Return the data exactly, apart from leaving out the pictures.

Scraped caption text data
Content starts

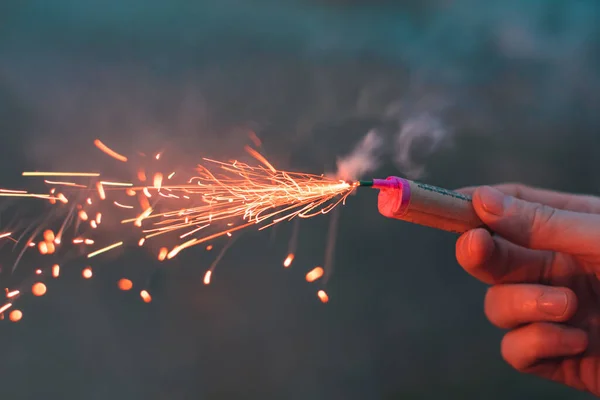 Jongeman verlicht vuurwerk buiten — Stockfoto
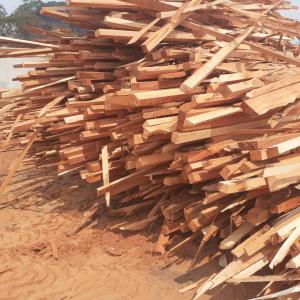 Rebuts de bois - bois charbon fibre en contacts avec des entreprises forestières et des scieries principalement situées à l'est du cameroun,  nous pouvons vous fournir environs 3 ou 4 containers de rebuts de bois et d'autres dérivés chaque mois selon vos besoin.----nous restons à votre disposit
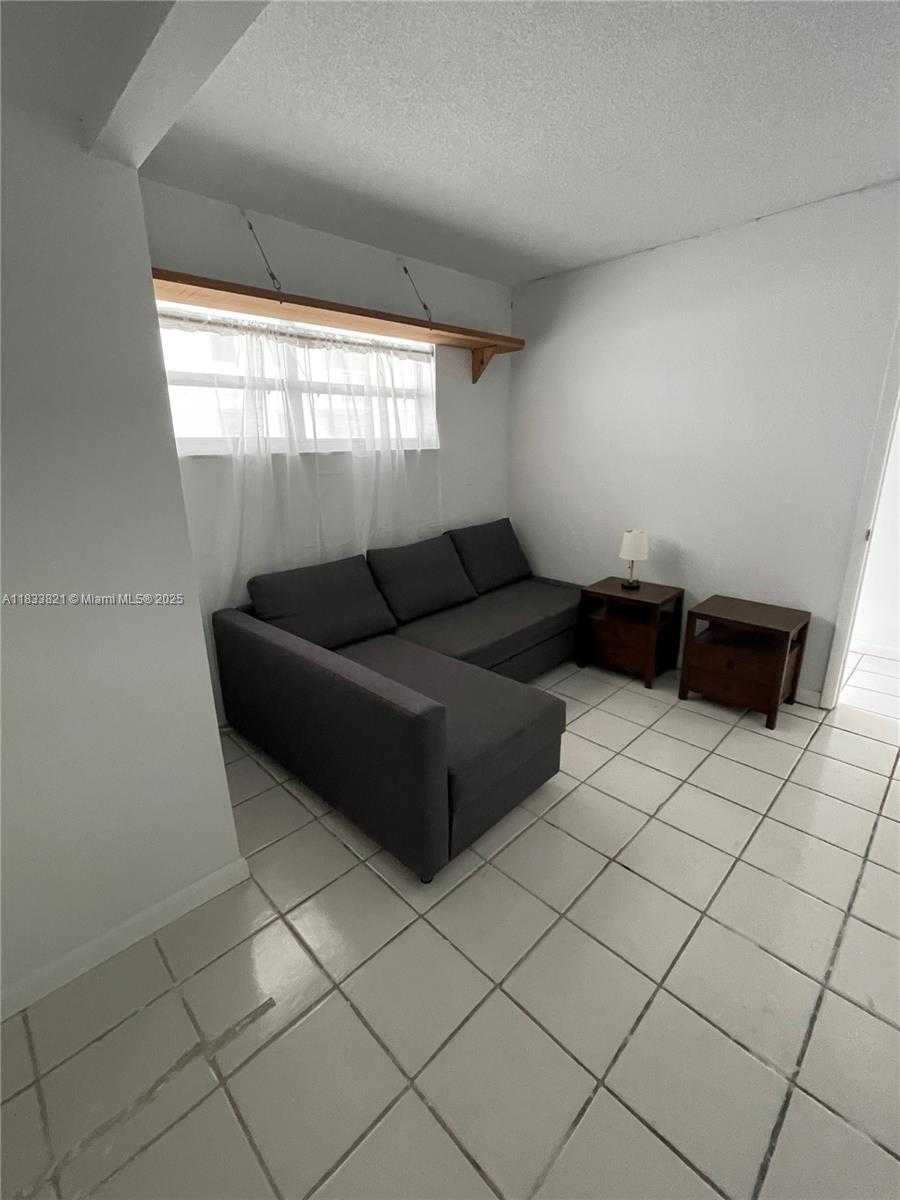 Small Image of 1331 LINCOLN RD #402, Miami Beach Number 12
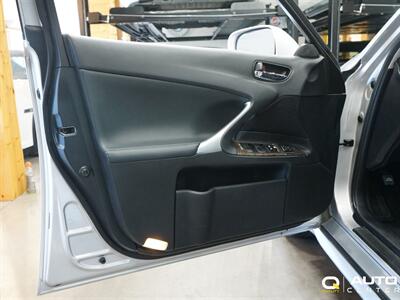 2011 Lexus IS 250 250   - Photo 11 - Lynnwood, WA 98036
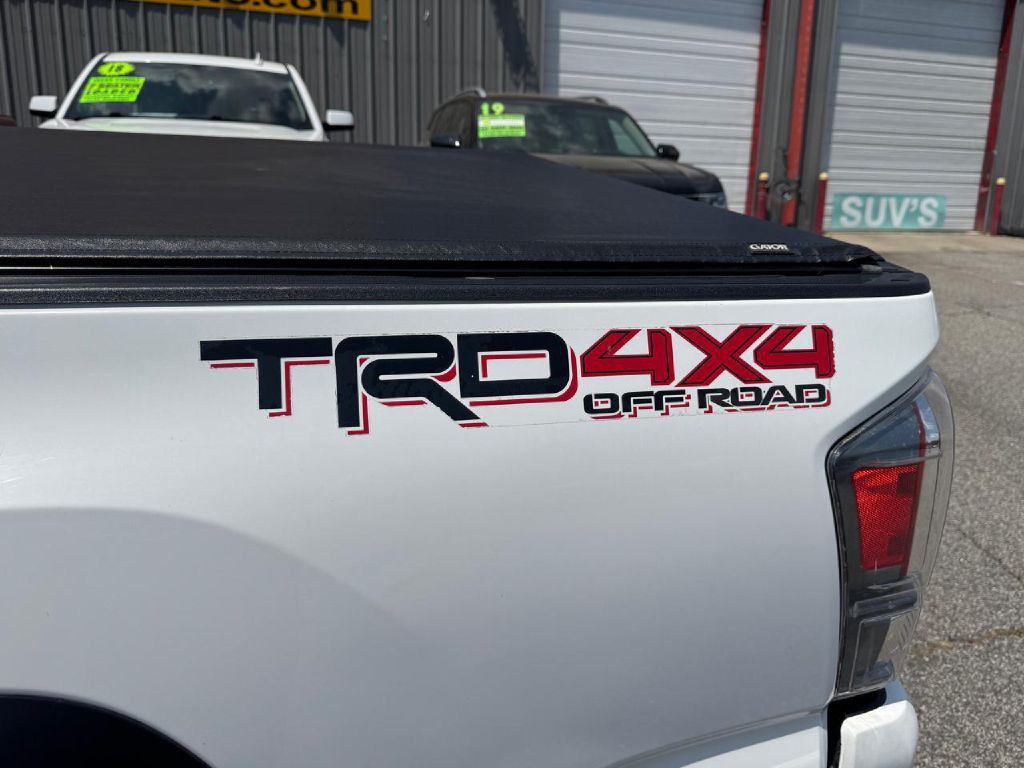 2020 Toyota Tacoma Image 28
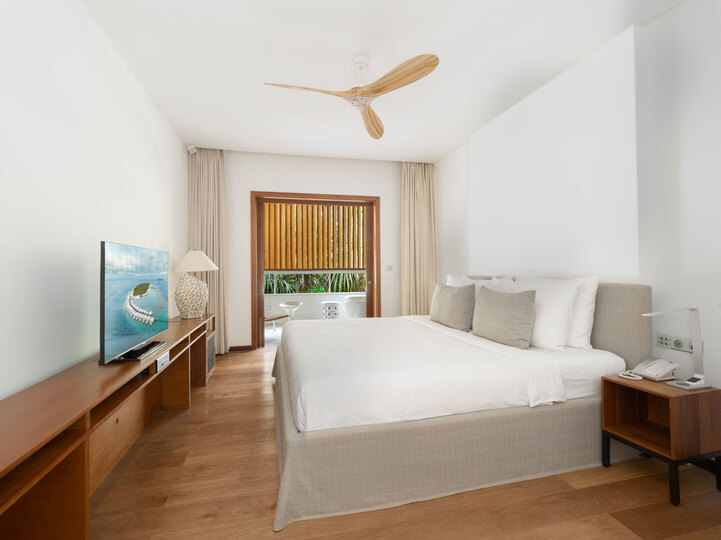 Tranquil Waterside Living: 4 Bedroom Gem,1005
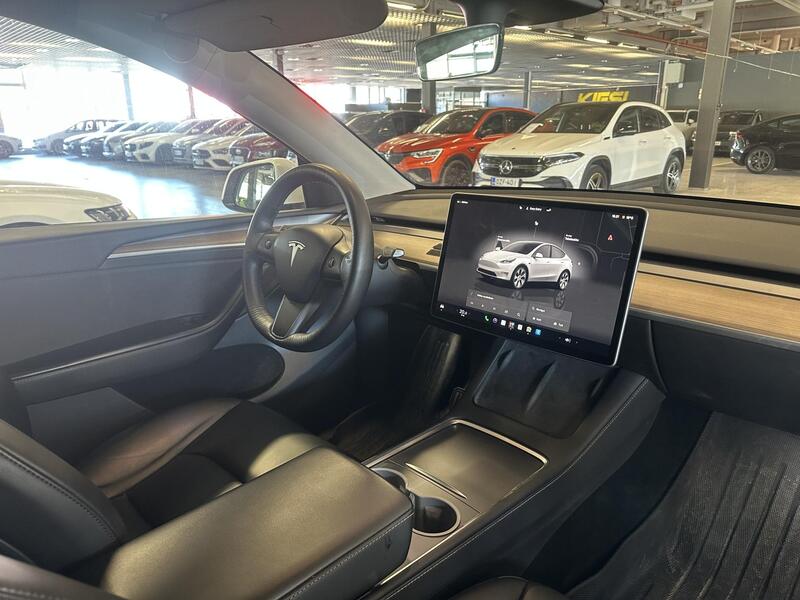 Tesla Model Y vaihtoauto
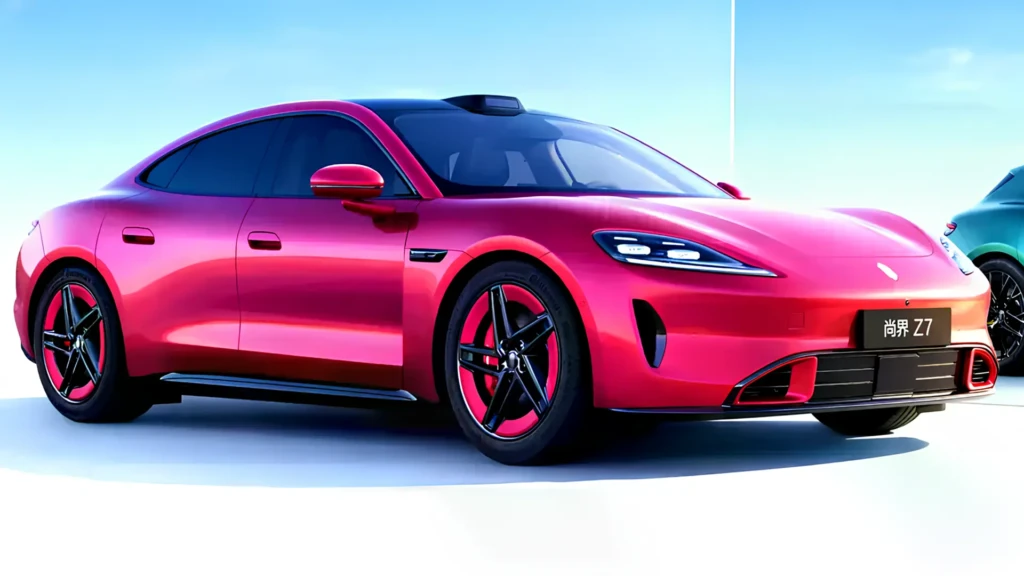 Електрокар SAIC Z7 у яскраво-рожевому кольорі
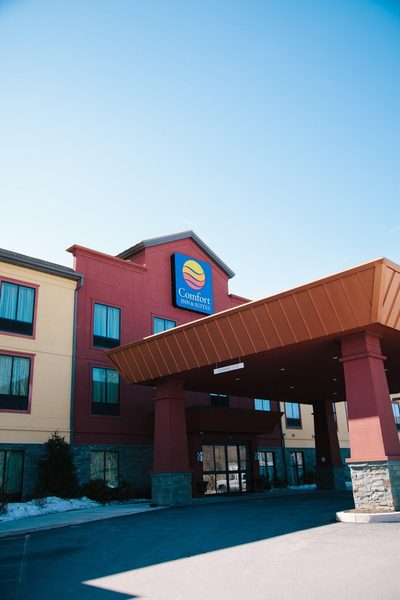 Comfort Inn Suites Tunkhannock Pocono Mountains Region Pennsylvania — Property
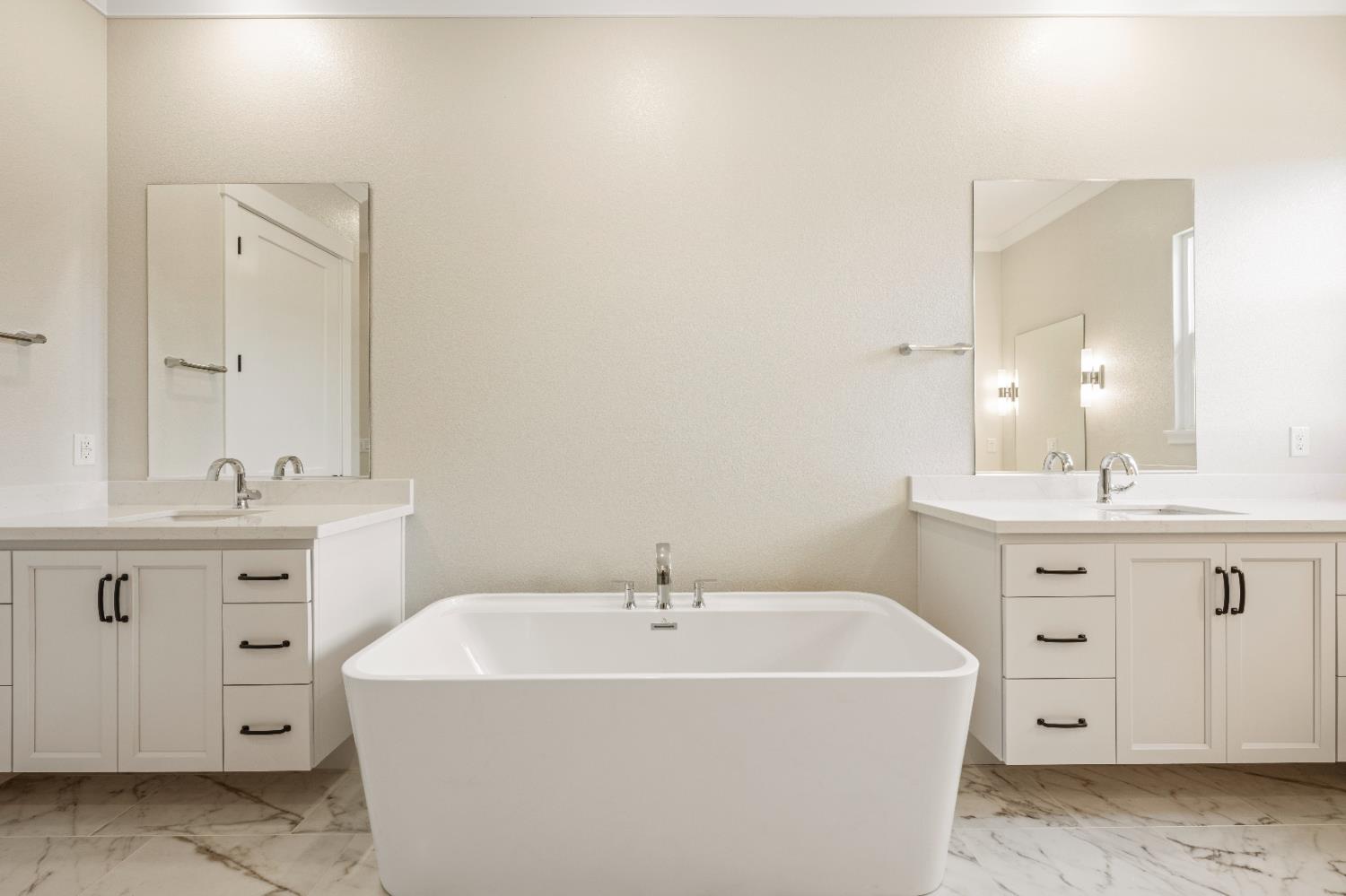 Detail Gallery Image 27 of 47 For 4901 W Hidden Crossing Cir, Granite Bay,  CA 95746 - 3 Beds | 2/1 Baths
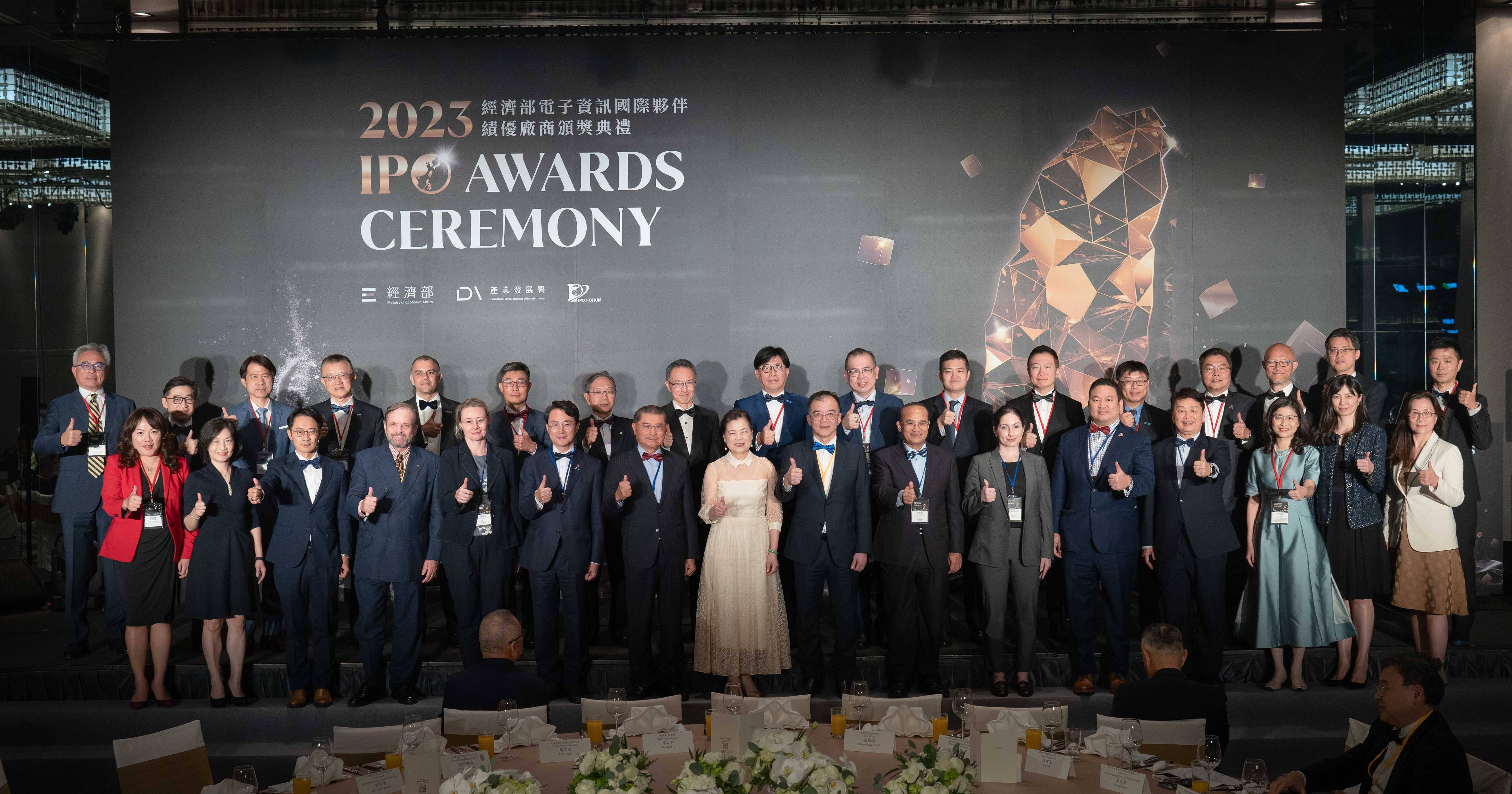 經濟部王美花部長與2023經濟部電子資訊國際夥伴績優廠商獎項代表合影。(圖:經濟部)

Content ends

= Answer for the task =
 Jongeman verlicht vuurwerk buiten — Stockfoto
 Rebuts de bois - bois charbon fibre en contacts avec des entreprises forestières et des scieries principalement situées à l'est du cameroun,  nous pouvons vous fournir environs 3 ou 4 containers de rebuts de bois et d'autres dérivés chaque mois selon vos besoin.----nous restons à votre disposit
 Small Image of 1331 LINCOLN RD #402, Miami Beach Number 12
 2011 Lexus IS 250 250   - Photo 11 - Lynnwood, WA 98036
 2020 Toyota Tacoma Image 28
 Tranquil Waterside Living: 4 Bedroom Gem,1005
 Tesla Model Y vaihtoauto
 Електрокар SAIC Z7 у яскраво-рожевому кольорі
 Comfort Inn Suites Tunkhannock Pocono Mountains Region Pennsylvania — Property
 Detail Gallery Image 27 of 47 For 4901 W Hidden Crossing Cir, Granite Bay,  CA 95746 - 3 Beds | 2/1 Baths
 經濟部王美花部長與2023經濟部電子資訊國際夥伴績優廠商獎項代表合影。(圖:經濟部)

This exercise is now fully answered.